:: WORK ITEM ::
Please give back word for word the lines of the material below between the line containing "Mallory Bookshelf cum Storage Unit" and the line containing "Appart hôtel Enjoy The Alps", inclusive.
======== RECORDS SHOWN ========
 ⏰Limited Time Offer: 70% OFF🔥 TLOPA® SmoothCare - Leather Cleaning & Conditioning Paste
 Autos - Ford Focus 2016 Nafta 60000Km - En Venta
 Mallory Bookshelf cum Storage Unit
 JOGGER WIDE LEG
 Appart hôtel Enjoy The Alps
========
======== RECORDS SHOWN ========
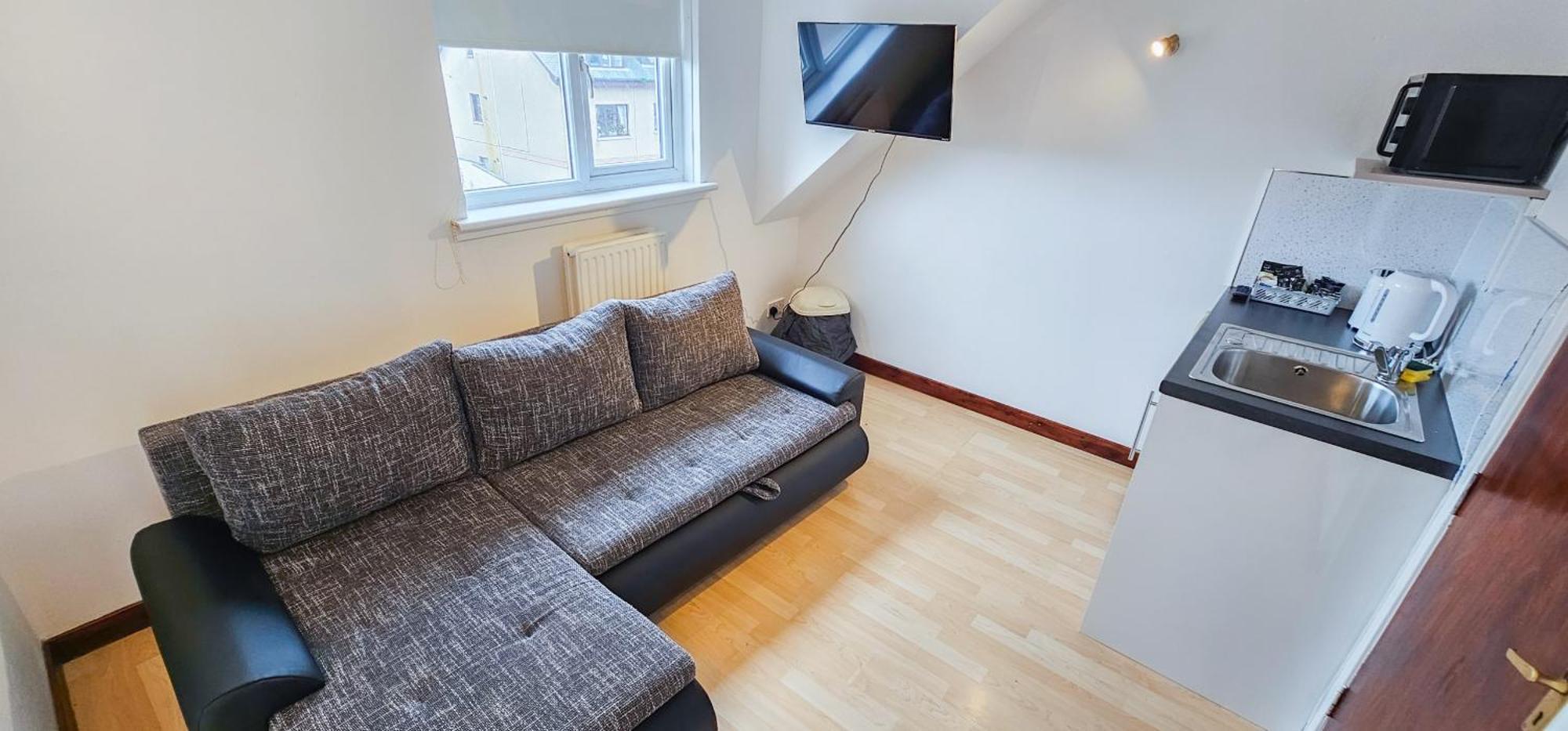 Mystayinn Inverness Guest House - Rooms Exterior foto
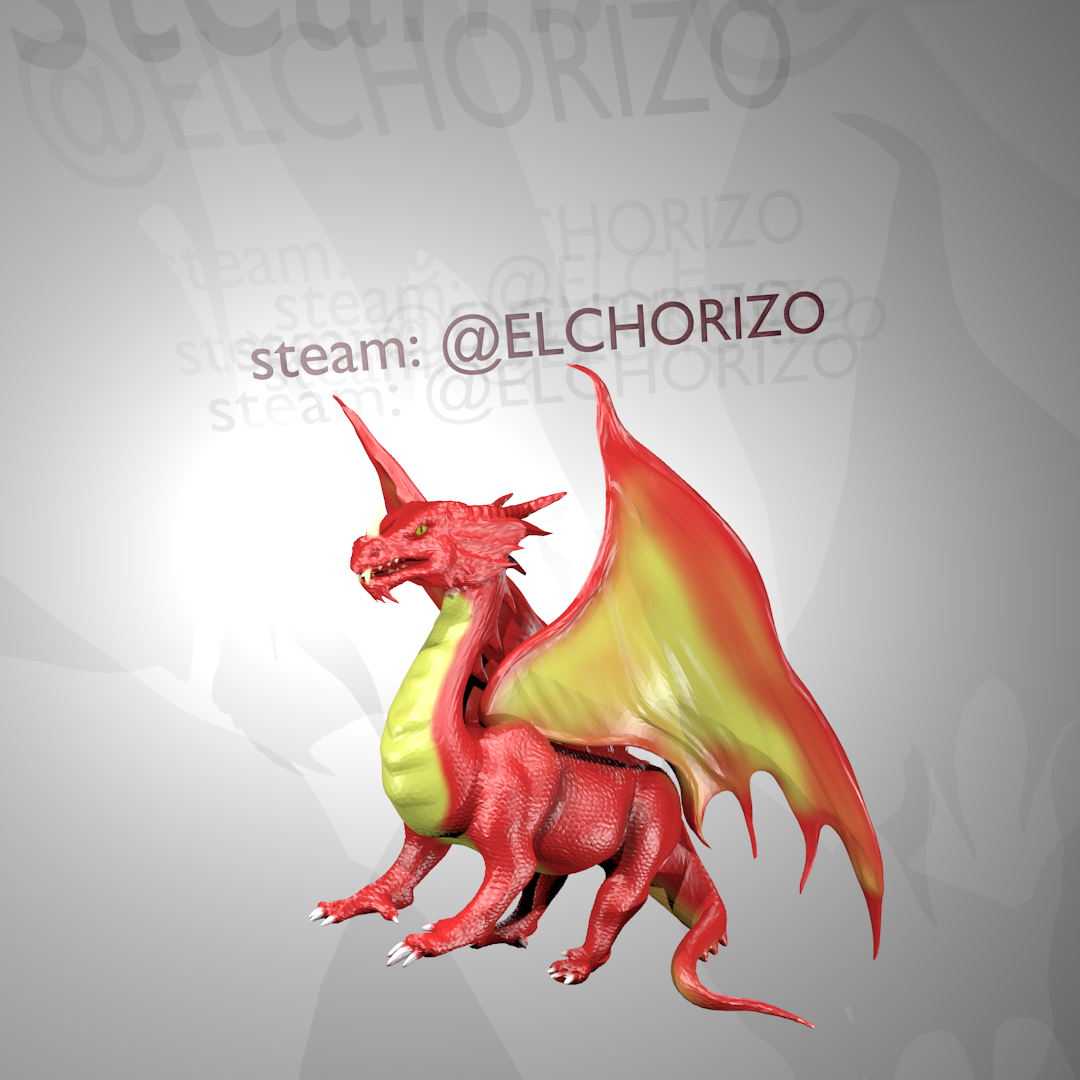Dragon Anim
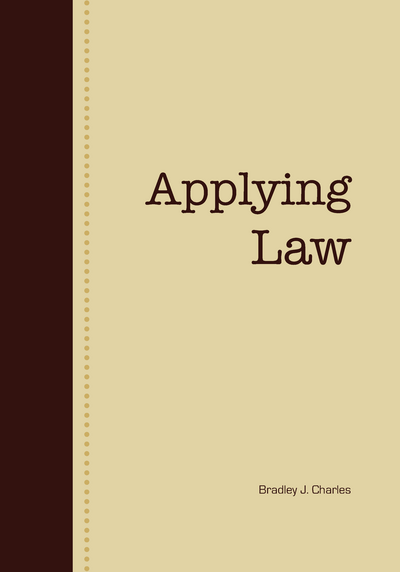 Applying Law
========
:: RESULT OF THE EXERCISE ::
 Mallory Bookshelf cum Storage Unit
 JOGGER WIDE LEG
 Appart hôtel Enjoy The Alps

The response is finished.